* alias confusion due to internal word representation
@ 2023-01-11 2:01 Harald van Dijk
2023-01-12 15:56 ` Michael Greenberg
2024-04-12 9:51 ` [PATCH] alias: Disallow non-CWORD characters Herbert Xu
0 siblings, 2 replies; 5+ messages in thread
From: Harald van Dijk @ 2023-01-11 2:01 UTC (permalink / raw
To: DASH shell mailing list
Hi,
Please consider
alias $(printf "\204")="exit 2"
$(:)
echo ok
This is a perfectly valid shell script. The alias command is permitted
to either succeed or fail, and if it succeeds, it defines an alias whose
name is the single byte '\204'. No command by that name is ever
executed, so this script is required to then print 'ok' and exit
successfully.
This is not what happens. Internally, '\204' is the value of CTLBACKQ,
and the word $(:) gets translated to an internal representation of just
that -- coupled with a pointer to the parsed command.
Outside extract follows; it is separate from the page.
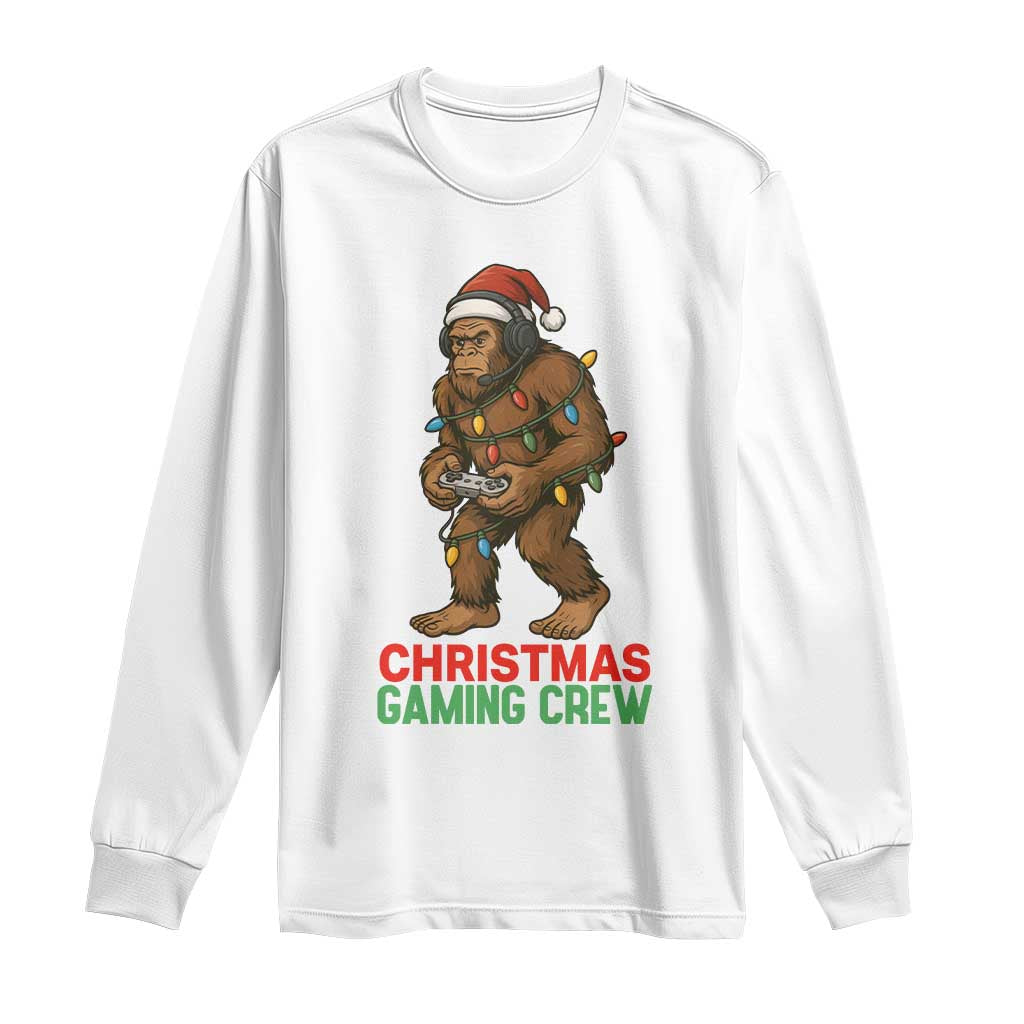 Funny Bigfoot Gamer Christmas Long Sleeve Shirt - Wonder Print Shop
Since the word
$(:) contains zero quote characters, it is subjected to alias expansion,
and picks up this alias definition that makes the command expand to
exit 2.
Consider also:
alias $(printf "\201")="echo ok" $(printf "\201\201")="echo bad" &&
eval $(printf "\201")
This should either print "ok", or reject the aliases. Instead, it prints
"bad". This happens because '\201' is the internal representation of
CTLESC, and a literal byte of that value is represented by escaping it
with CTLESC. Therefore, it triggers the expansion of the \201\201 alias.
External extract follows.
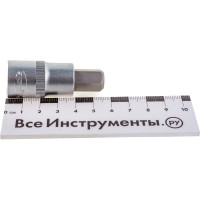 Головка со вставкой шестигранник 12 мм, 1/2", L=55 мм АвтоDело 39292 14975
Supporting alias names containing non-ASCII characters, while not
required by POSIX, seems desirable, and almost all other shells (mksh
being the exception) do appear to support this. I am not yet seeing a
good way of solving this.
Cheers,
Harald van Dijk
^ permalink raw reply [flat|nested] 5+ messages in thread
* Re: alias confusion due to internal word representation
2023-01-11 2:01 alias confusion due to internal word representation Harald van Dijk
@ 2023-01-12 15:56 ` Michael Greenberg
2023-01-13 13:41 ` Harald van Dijk
2024-04-12 9:51 ` [PATCH] alias: Disallow non-CWORD characters Herbert Xu
1 sibling, 1 reply; 5+ messages in thread
From: Michael Greenberg @ 2023-01-12 15:56 UTC (permalink / raw
To: Harald van Dijk, DASH shell mailing list
I've seen this issue in interop with modernish, where dash doesn't
properly support multibyte character encodings. It would be great to
have proper support for more interesting character sets.
It's worth looking at how other shells implement this, but a natural
choice is to choose a more sophisticated representation of string, where
control characters are represented out-of-band rather than by using
'unused' values (well, unused by ASCII, but not by
others). Unfortunately, this rope-like representation is not very
convenient to work with.
Cheers,
Michael
On 2023-01-11 at 02:01:03 AM, Harald van Dijk wrote:
> Hi,
>
> Please consider
>
> alias $(printf "\204")="exit 2"
> $(:)
> echo ok
>
> This is a perfectly valid shell script. The alias command is permitted
> to either succeed or fail, and if it succeeds, it defines an alias whose
> name is the single byte '\204'. No command by that name is ever
> executed, so this script is required to then print 'ok' and exit
> successfully.
>
> This is not what happens. Internally, '\204' is the value of CTLBACKQ,
> and the word $(:) gets translated to an internal representation of just
> that -- coupled with a pointer to the parsed command. Since the word
> $(:) contains zero quote characters, it is subjected to alias expansion,
> and picks up this alias definition that makes the command expand to
> exit 2.
>
> Consider also:
>
> alias $(printf "\201")="echo ok" $(printf "\201\201")="echo bad" &&
> eval $(printf "\201")
>
> This should either print "ok", or reject the aliases. Instead, it prints
> "bad". This happens because '\201' is the internal representation of
> CTLESC, and a literal byte of that value is represented by escaping it
> with CTLESC. Therefore, it triggers the expansion of the \201\201 alias.
>
> Supporting alias names containing non-ASCII characters, while not
> required by POSIX, seems desirable, and almost all other shells (mksh
> being the exception) do appear to support this. I am not yet seeing a
> good way of solving this.
>
> Cheers,
> Harald van Dijk
^ permalink raw reply [flat|nested] 5+ messages in thread
* Re: alias confusion due to internal word representation
2023-01-12 15:56 ` Michael Greenberg
@ 2023-01-13 13:41 ` Harald van Dijk
2024-04-15 8:47 ` [PATCH] parser: Extend coverage of CHKEOFMARK Herbert Xu
0 siblings, 1 reply; 5+ messages in thread
From: Harald van Dijk @ 2023-01-13 13:41 UTC (permalink / raw
To: Michael Greenberg, DASH shell mailing list
On 12/01/2023 15:56, Michael Greenberg wrote:
> I've seen this issue in interop with modernish, where dash doesn't
> properly support multibyte character encodings. It would be great to
> have proper support for more interesting character sets.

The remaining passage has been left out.